The characters in Alicia D. William’s novel are some of the best written characters I have ever read. All of the characters have very unique personalities and have reasons for why they act the way that they do. Williams took the time to come up with a backstory for each and every character which makes them very believable and three dimensional. Never have I read a novel where an author paid attention to a character’s backstory as much as Williams did, and I greatly appreciate it because a person’s history is truly what makes a person.


My only complaint about this story is that at times the kids seemed like they were talking with very stereotypical “kid lingo.” That was one of the first things I noticed when I started reading this story. However, the story was so interesting and so deep that I easily pushed past the lingo and simply could not put this book down. Overall, I would give this book 4.5/5 stars for delving into really important issues, having an easy to follow, clear story line, and having very dynamic characters. As a white person, there were a lot of racial issues brought up in this book that I had never thought about before, so I am thankful that Williams brought these issues to light. These are definitely issues that I will be thinking about for years to come and it’s all thanks to Genesis Begins Again!

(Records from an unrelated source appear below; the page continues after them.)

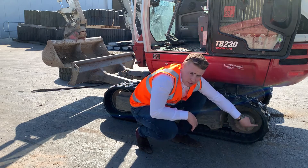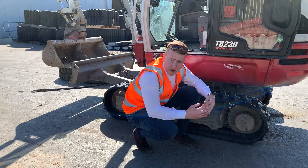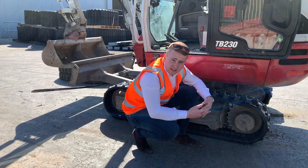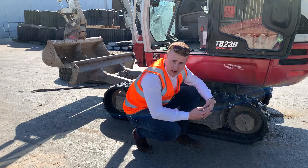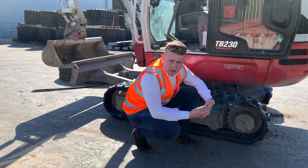As the track goes round the sprocket and around the idler, those Z-shaped links lock together, forming an extremely rigid track structure. This greatly decreases the chances of the track coming off at either the sprocket or the idler when a piece of debris gets caught in between the running gear and the track.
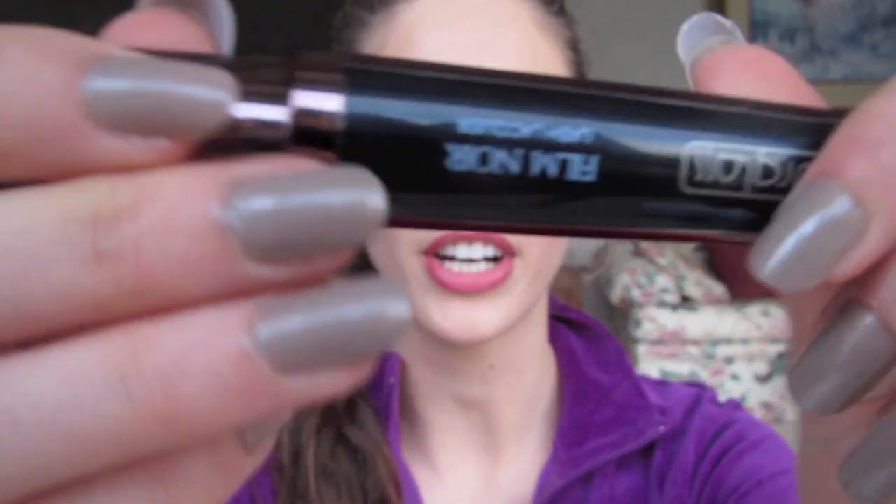Hey guys, so today I actually wanted to bring you a review of this Hourglass Film Noir Lash Lacquer, and I've been using this pretty religiously. This is kind of like a different product — this is definitely something very, very new.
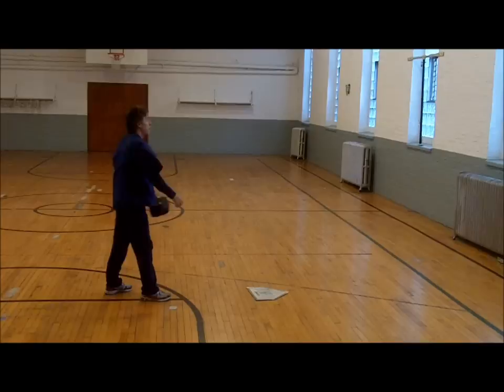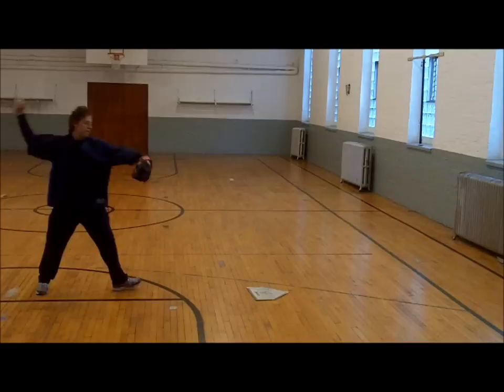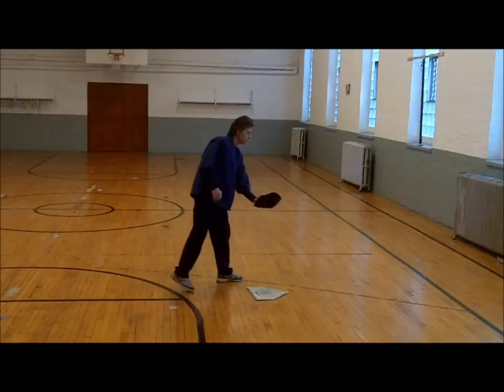This drill is begun with an object on the ground a few feet in front of a player. Players proceed to bounce the ball off the object, or slightly in front or behind it, with the goal of bouncing the ball as high into the air as possible. Low elbow and sidearm throwers will have trouble at first, but have no choice but to get on top if they are to hit the object and bounce the ball high into the air.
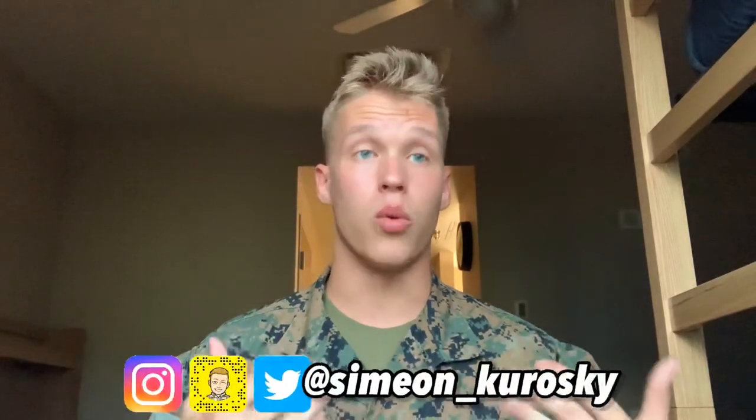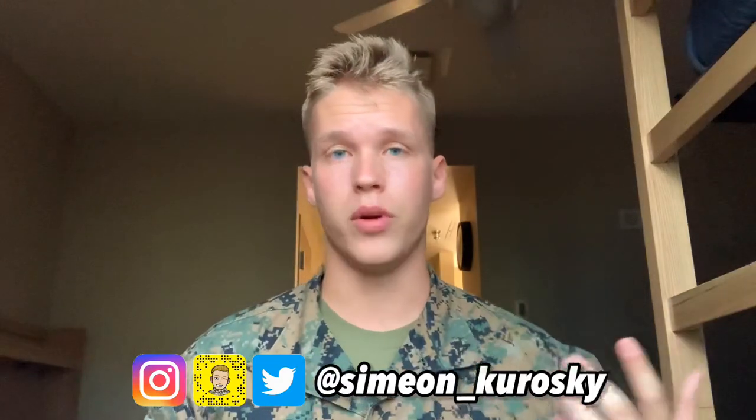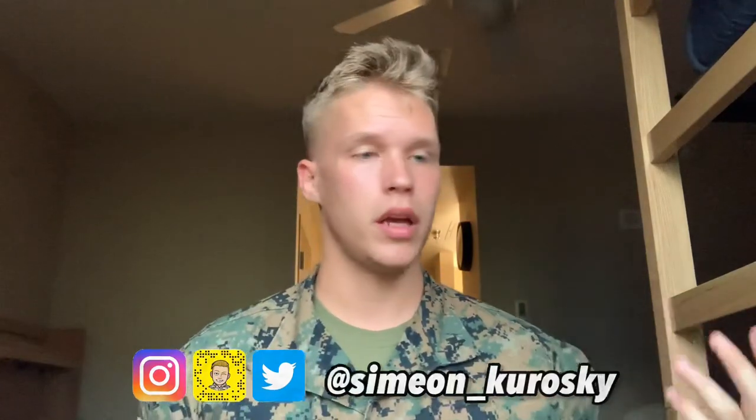Hey, what's up everyone, Simian Kroski back with another video. Today is going to be another highly requested topic — something I was also very interested in and wanted to know more about before I went to boot camp. That is how hard, how difficult, and what does swim qualification consist of in Marine Corps boot camp. I'm going to share my personal experience and all the information you need to be successful.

  1. I just loved it !!! Racism in the world is an issue that affects a lot of people and you have to convince people that you all eat the same despite “differences.”

  2. Well, in my opinion the “kid lingo” is correct. Also I would like to note that the lingo is correct because she is a teacher and picks it up from her students. I would like to note this because she actually is my history teacher and I do have a very close relationship with her and do feel the need to defend her book.